Despite the challenges he faces at Westcliff University in Irvine, California, Ellama has been playing for the Warriors men's basketball team for two years now and has been able to keep up with the competition. Although the team ended this season with a 4-24 record, Ellama and his teammates are ready for more basketball action.

Like many collegiate athletes from the CNMI, Ellama was recruited through the Next College Student Athlete program.  Ellama may not match up with the average college basketball player, but what he lacks in height he makes up for by utilizing his strengths in other areas to remain a threat on the court.

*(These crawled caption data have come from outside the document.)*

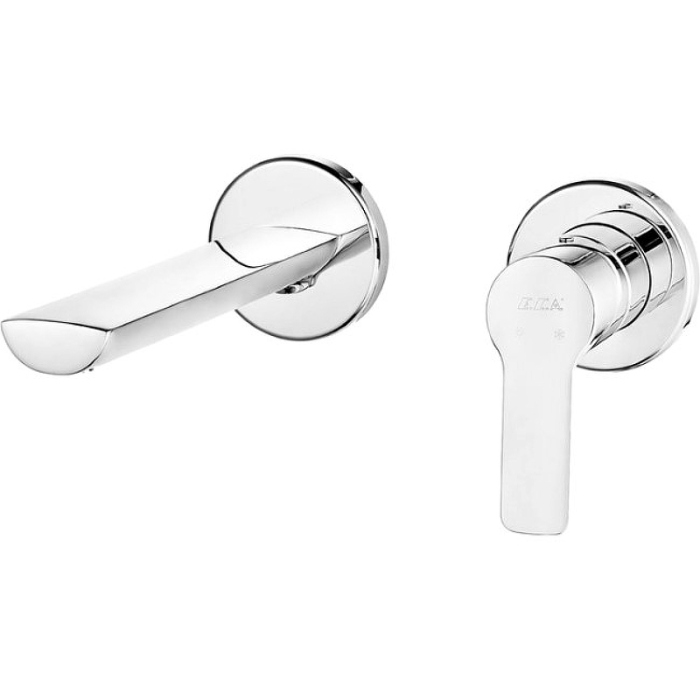 102167606EX-YY LUNA смеситель для раковины настенный 2 отв. (внешняя часть)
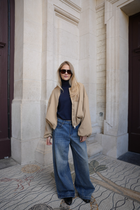 CAMILLE WIDE LEG JEANS BLUE WITH STRETCH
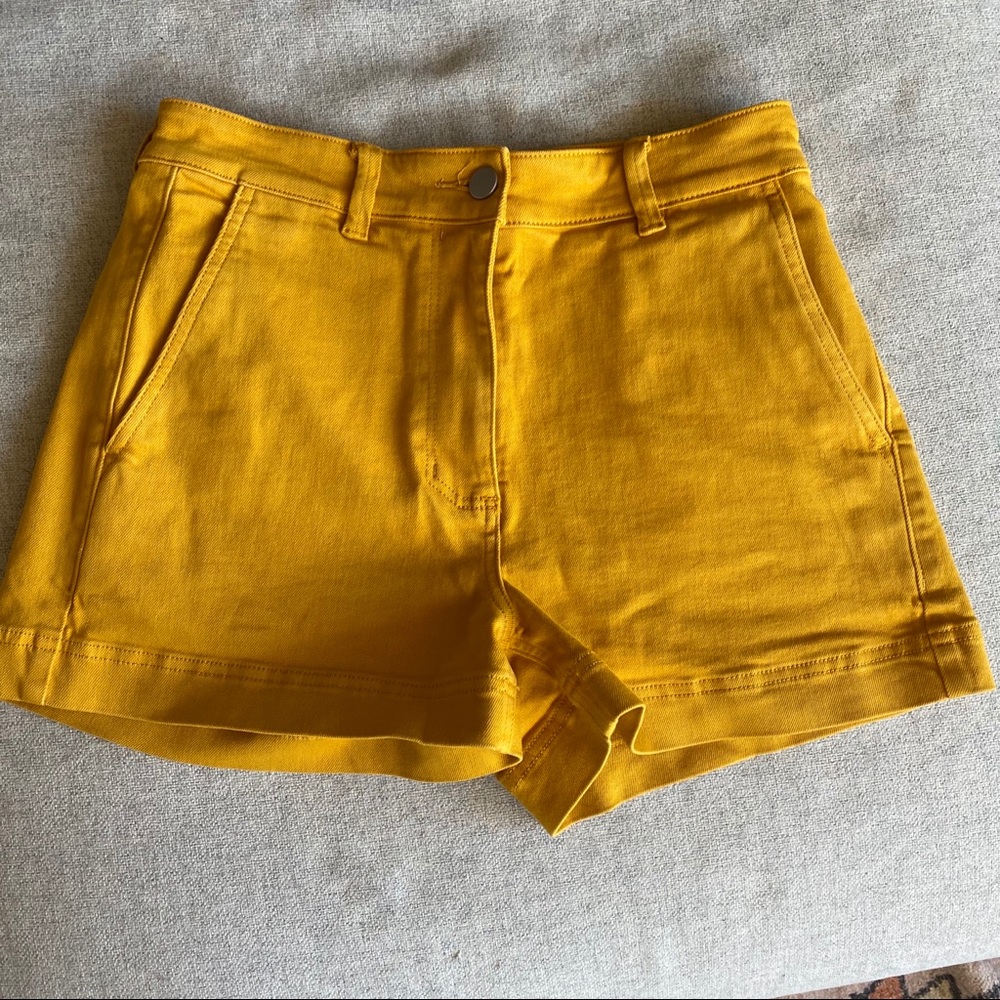 Cotton Twill Everlane yellow shorts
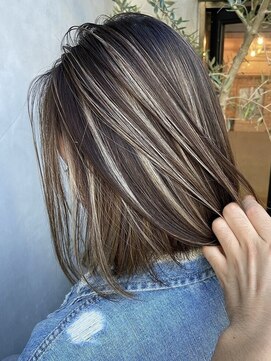 ディモアンド 表参道(Dimo&) ミニウルフ/インナーハイライト流れるレイヤー[表参道]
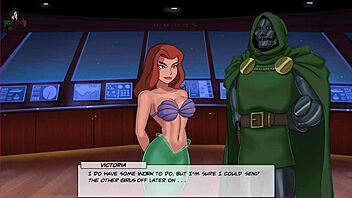 Cartoon porn: Monster cock and anime babes in a wild threesome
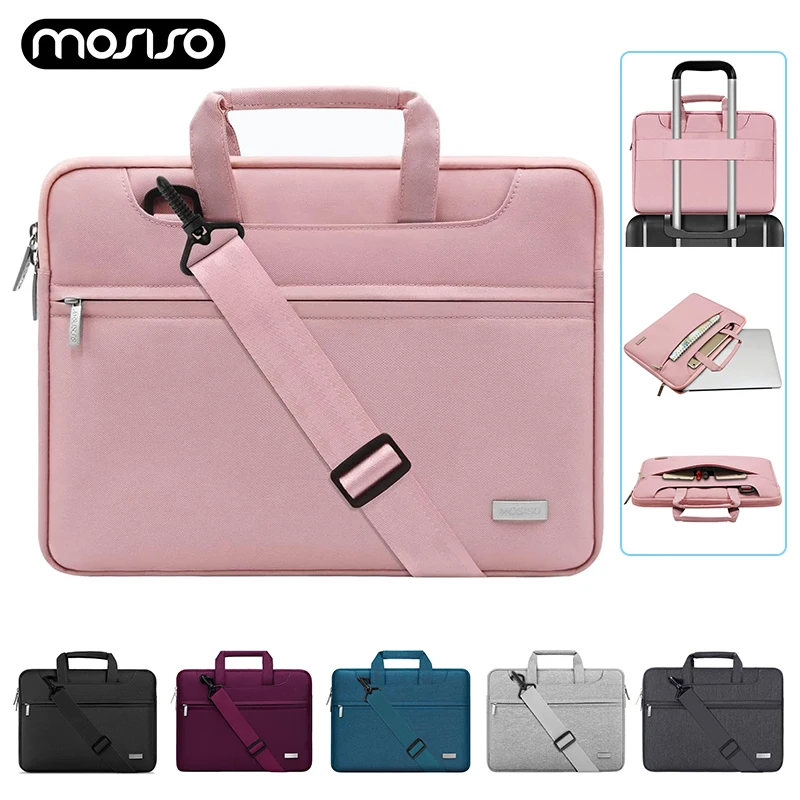 Mosiso Laptop Bags 13.3 14 15 15.6 16 inch for Macbook Pro Air 13 Acer Dell ASUS HP Computer Portable Briefcase Sleeve Women Men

“Being one of the shortest players on the team,” he told Variety, “I did not really focus much on my size, but rather what I can do to help improve the team — whether it’s staying ahead of defenders on fast breaks, communicating with the team, or constantly improving my best attributes.”

 Warren Ellama pulls up for a jump shot while playing for the Warriors men's basketball team of Westcliff University in Irvine, California. Contributed photo

Playing against bigger opponents has been tough, but Ellama thinks that adjustment is all that is needed to stay in the game. “Competition here is very different compared to Saipan. Players are much bigger, faster and taller. So as a student athlete coming from Saipan, you'll have to adjust pretty quickly in order to compete with the players in the U.S.”

His basketball journey started during his sophomore year in high school. After his team, Marianas High School, won the Marianas Interscholastic Sports Organization championship,  he was offered an athletic scholarship to play for Mount Carmel School.

After graduating from MCS, “I felt that I could do something more,” he said. In the U.S., “playing college ball takes a lot of communication, patience and hard work. Coaches are constantly looking at little things on and off the court.”

Ellama said, “Some people doubted my dream, but my message to all athletes in the CNMI is to not let anybody tell you what you can and cannot do. If I could do it, anyone in the CNMI could do it, too.”

Ellama would also like to recognize MCS coach Francis San Nicolas and athletic director John Blanco for helping him get to the level that he is now. “I hope that all student athletes pursuing a dream to play to the next level will have a great support system,” Ellama added.